4. Fever (true/false).
5. Sore throat (true/false).
6. Shortness of breath (true/false).
7. Headache (true/false).
Other information:
8. Known contact with a confirmed COVID-19 individual (true/false).
Statistical Analysis
Predictions were generated using a gradient-boosting machine model built with decision-tree base-leamers 10. Gradient boosting is widely considered state of the art in predicting tabular data11 and is used by many successful algorithms in the field of machine learning 12. As suggested by previous studies 13, missing values were inherently handled by the gradient-boosting predictor14. We used the gradient-boosting predictor trained with the LightGBM 15 Python package.
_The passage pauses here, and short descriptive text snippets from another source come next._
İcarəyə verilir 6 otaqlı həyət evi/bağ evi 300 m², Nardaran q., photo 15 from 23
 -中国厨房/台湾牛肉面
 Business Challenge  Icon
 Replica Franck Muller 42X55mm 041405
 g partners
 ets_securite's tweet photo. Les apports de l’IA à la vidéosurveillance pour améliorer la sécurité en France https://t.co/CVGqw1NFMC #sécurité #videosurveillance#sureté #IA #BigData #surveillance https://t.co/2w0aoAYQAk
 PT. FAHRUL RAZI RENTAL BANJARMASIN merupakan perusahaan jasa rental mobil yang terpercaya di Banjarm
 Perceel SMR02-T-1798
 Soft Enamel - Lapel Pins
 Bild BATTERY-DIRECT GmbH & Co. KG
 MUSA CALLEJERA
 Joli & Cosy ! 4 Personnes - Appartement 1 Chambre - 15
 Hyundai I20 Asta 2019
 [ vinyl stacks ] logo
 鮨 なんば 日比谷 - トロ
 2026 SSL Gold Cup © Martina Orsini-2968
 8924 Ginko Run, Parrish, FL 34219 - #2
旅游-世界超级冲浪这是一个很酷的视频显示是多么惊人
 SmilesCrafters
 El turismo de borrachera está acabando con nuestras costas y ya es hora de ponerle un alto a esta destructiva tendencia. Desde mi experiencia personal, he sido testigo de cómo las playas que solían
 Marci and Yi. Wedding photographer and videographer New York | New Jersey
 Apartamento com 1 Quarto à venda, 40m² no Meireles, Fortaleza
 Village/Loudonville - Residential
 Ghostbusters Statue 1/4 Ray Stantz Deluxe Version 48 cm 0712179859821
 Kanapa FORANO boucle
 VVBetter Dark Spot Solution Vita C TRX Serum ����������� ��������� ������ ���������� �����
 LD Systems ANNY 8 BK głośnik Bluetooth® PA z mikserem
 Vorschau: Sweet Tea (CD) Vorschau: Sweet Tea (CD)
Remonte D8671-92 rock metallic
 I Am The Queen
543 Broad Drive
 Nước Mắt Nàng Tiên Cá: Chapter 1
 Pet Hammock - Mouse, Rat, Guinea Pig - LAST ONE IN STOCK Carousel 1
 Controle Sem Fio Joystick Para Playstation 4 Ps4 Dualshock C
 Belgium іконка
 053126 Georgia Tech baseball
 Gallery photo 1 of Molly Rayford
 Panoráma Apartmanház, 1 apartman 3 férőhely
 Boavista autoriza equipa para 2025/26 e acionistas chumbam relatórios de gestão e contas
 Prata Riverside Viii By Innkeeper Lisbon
To identify the principal features driving model prediction, SHAP (SHapley Additive eXplanations) values 16 were calculated. These values are suited for complex models such as artificial neural networks and gradient-boosting machines 17. Originating in game theory, SHAP values partition the prediction result of every sample into the contribution of each constituent feature value. This is done by estimating the difference between models with subsets of the feature space. By averaging across samples, SHAP values estimate the contribution of each feature to overall model predictions.
3 Results
For the prospective tests set, the model predicted with 0.90 auROC (area under the receiver operating curve) with 95% CI: 0.892-0.905 (Figure 1.a). Possible working points are: 87.3% sensitivity and 72% specificity, or 85.7% sensitivity and 79% specificity.
Our framework also provides ranking of the most important features that were used to define the decisions (Figure 1.b). Presenting with fever and cough were key features in predicting contraction of the disease. As expected, close contact with a confirmed COVID-19 individual was also an important feature, thus corroborating the disease’s high transmissibility 18. In addition, ‘male’ gender was revealed as a predictor of a positive result by the model, concurring with the observed gender bias 19,20
4 Discussion
This research is not without shortcomings. We relied on the data reported by the Israeli Ministry of Health, which has limitations and biases. For instance, symptom reporting was more comprehensive in the positive test result group and validated with a directed epidemiological effort 21. This can be reflected by the percentage of COVID-19 positive patients from the overall individuals positive for each symptom, with which we identified features with biased reporting (headache 96.2%, sore throat 92.3% and shortness of breath 92.4%) and symptoms with balanced reporting (cough 27.4% and fever 45.9%). We should also note that all symptoms were self-reported, and a negative value for a symptom can also mean that the symptom was not reported. If we train and test our model while filtering out symptoms of high bias in advance, we get an auROC of 0.862 with a slight change in the SHAP summary plot (Supplementary Figure 1).
However, we hope that readers will appreciate the rapid rate at which the pandemic scenario has evolved over the past weeks and understand the limitations of this research while also acknowledging that unusual times call for unusual solutions. We highlight the need for more robust data to complement our framework while also acknowledging the fact that self-reporting of symptoms is always subject to bias. As the COVID-19 pandemic progresses, it is crucial for public organizations and associations to continue recording and sharing robust data with the scientific community that is eager to contribute to the ongoing scientific effort.
Overall, based on the nationwide data reported by the Israeli Ministry of Health, we developed a model that detects COVID-19 cases by simple features accessed by asking eight basic questions. Our framework can be used, among other considerations, to prioritize testing for COVID-19 when allocating limited testing resources.
Data Availability
All data used in this study was retrieved from the Israeli Ministry of Health website.
Funding
There is NO Competing Interest.
No external funding was received for this project.
Supplementary Information
Acknowledgements
We thank Professor David Gurwitz, Shomron lab members Artem Danilevsky and Guy Shapira for their comments on this work. Y.Z. is partially supported by the Edmond J. Safra Center for Bioinformatics at Tel-Aviv University.